KOU–DO: Way of Fragrance
Tea Room at
Japanese American Cultural & Community Center
244 South San Pedro Street, Los Angeles, California 90012
Saturday, July 14, 2018
Workshop: 1:00 – 3:00 PM
Donation is suggested
The workshop will be led by Rev. Shinetsu Fukushima from Choko-ji Temple of Soto Zen School in Saitama prefecture, Japan.
KOU–DO: Way of Fragrance is the art of appreciating Japanese incense, and involves using incense within the tearoom.
One of the three classical Japanese arts of refinement, alongside flower arrangement and tea ceremony, it includes all steps of the tradition, from the tools used to the activities performed.
As recounted in folk tales, agarwood first arrived in Japan when a log washed ashore a bank on Awaji Island in 595. The people that found the log noticed how splendidly fragrant it became when put next to a fire and alerted local officials of their discovery.

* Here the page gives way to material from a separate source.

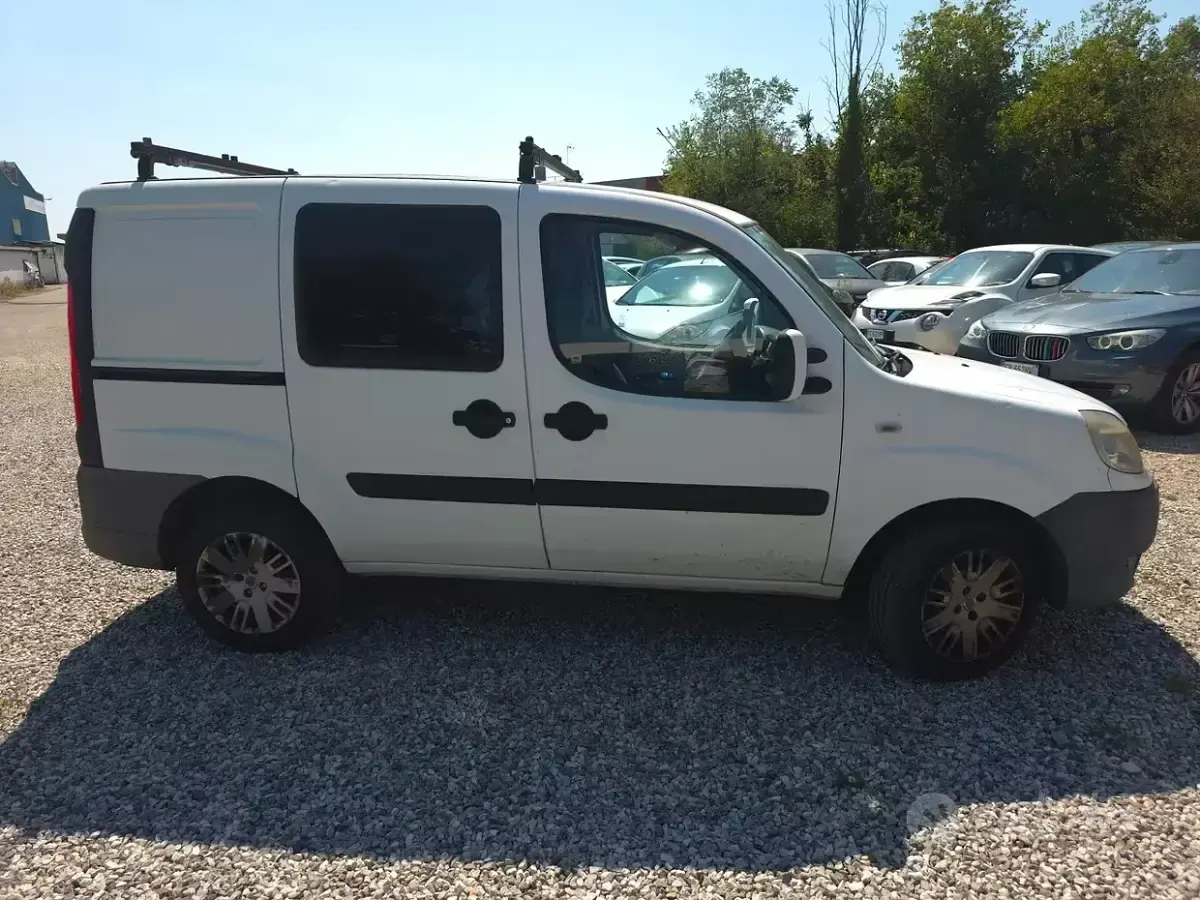 Usata Fiat Doblò S 105 CV (77 kW) 2008 Bianco Monovolume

Incense began development in Japan in the 6th century as a result of the Silk Road, at the same time that Buddhism arrived in the area.
Although otherwise stated by legend, agarwood officially arrived in 538, included in supplies meant to be used for the construction of a temple.

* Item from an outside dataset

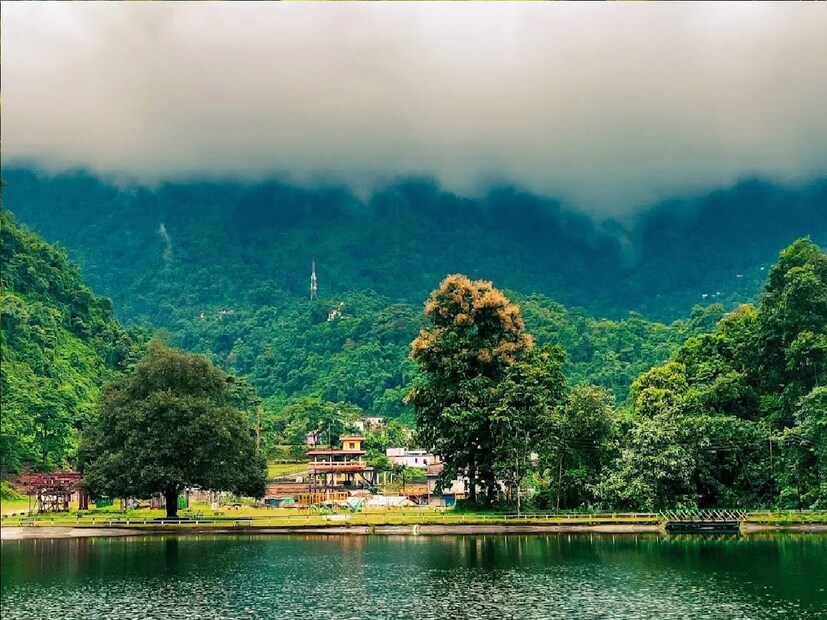জলপাইগুড়িতে রোদ ঝলমলে পরিষ্কার আকাশ। গত ২৪ ঘণ্টায় সর্বচ্চ তাপমাত্রা ছিল ২৯.০৭ ডিগ্রি সেলসিয়াস। সর্বনিম্ন তাপমাত্রা ২৪.০৪ ডিগ্রি সেলসিয়াস।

A ritual known as sonae–kou was soon established, and kou–boku, the combination of fragrant wood and aromatic substances such as herbs, began to be burned in religious ritual.
The use of incense continued to grow among court nobility, and fragrant scents played a key role within Heian period (9-12th centuries) court life, and was even featured in the 11th century scroll, the Tale of Genji.